The court has allowed live coverage of the third trial of former Prime Minister Han Duck-soo, who is accused of aiding insurrection. Earlier, the court also allowed coverage of the first and second hearings of the case, held on Sept. 30 and Oct. 13.
The Criminal Agreement Division 33 of the Seoul Central District Court (presiding judge Lee Jin-gwan, chief judge) said on Feb. 17 that it accepted the special counsel's request for live coverage of the insurrection case and will allow coverage of the third hearing on charges including aiding the ringleader of insurrection against the former prime minister, scheduled for Feb. 20. From 10 a.m., when the hearing begins, until it ends, the proceedings will be filmed by court cameras and, after personal information protection procedures, will be made available online.
The panel said it allowed coverage under Article 11 of the Special Prosecutor Act on Insurrection. The provision stipulates that if the special counsel or the defendant applies, coverage must be permitted absent special circumstances.
Earlier, on Aug. 29, the special counsel on insurrection indicted the former prime minister without detention on six charges, including aiding the ringleader of insurrection, falsifying official documents and using falsified official documents, damaging public records, violating the Act on the Management of Presidential Records, and perjury.

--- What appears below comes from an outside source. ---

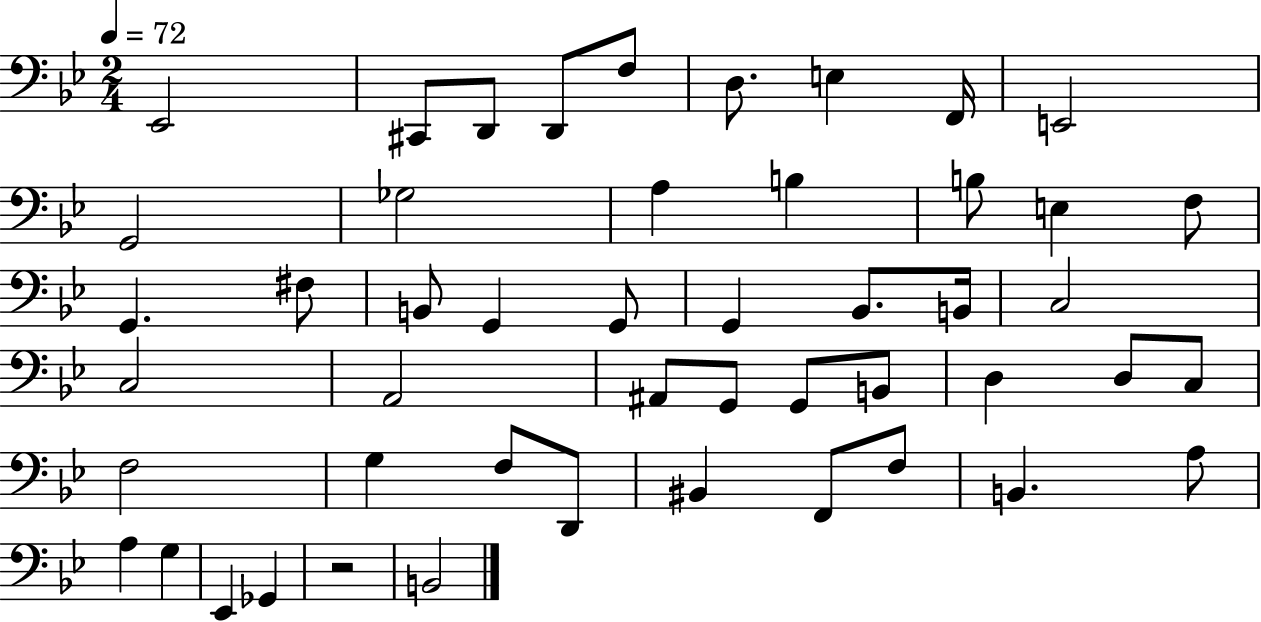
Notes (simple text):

Eb2/h C#2/e D2/e D2/e F3/e D3/e. E3/q F2/s E2/h G2/h Gb3/h A3/q B3/q B3/e E3/q F3/e G2/q. F#3/e B2/e G2/q G2/e G2/q Bb2/e. B2/s C3/h C3/h A2/h A#2/e G2/e G2/e B2/e D3/q D3/e C3/e F3/h G3/q F3/e D2/e BIS2/q F2/e F3/e B2/q. A3/e A3/q G3/q Eb2/q Gb2/q R/h B2/h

The former prime minister is accused of participating in or aiding the proclamation of martial law by former President Yoon Suk-yeol on Dec. 3 last year. He is also suspected of involvement in the process in which a new martial law proclamation was drafted and then scrapped after Yoon declared martial law. In addition, he faces allegations that he committed perjury by saying in the impeachment trial of Yoon and at the National Assembly that he "did not recognize the proclamation of martial law."

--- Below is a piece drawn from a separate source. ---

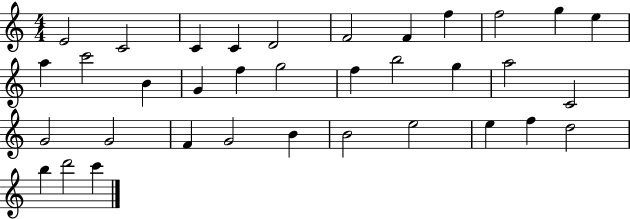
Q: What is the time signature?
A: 4/4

Meanwhile, at the second hearing, the panel allowed live coverage of closed-circuit television (CCTV) footage from the presidential office on Dec. 3, the day martial law was imposed, which is classified as military secrets. Accordingly, portions of the presidential office CCTV footage showing the situation on the day of martial law were disclosed. The footage included scenes of the former prime minister holding documents related to martial law.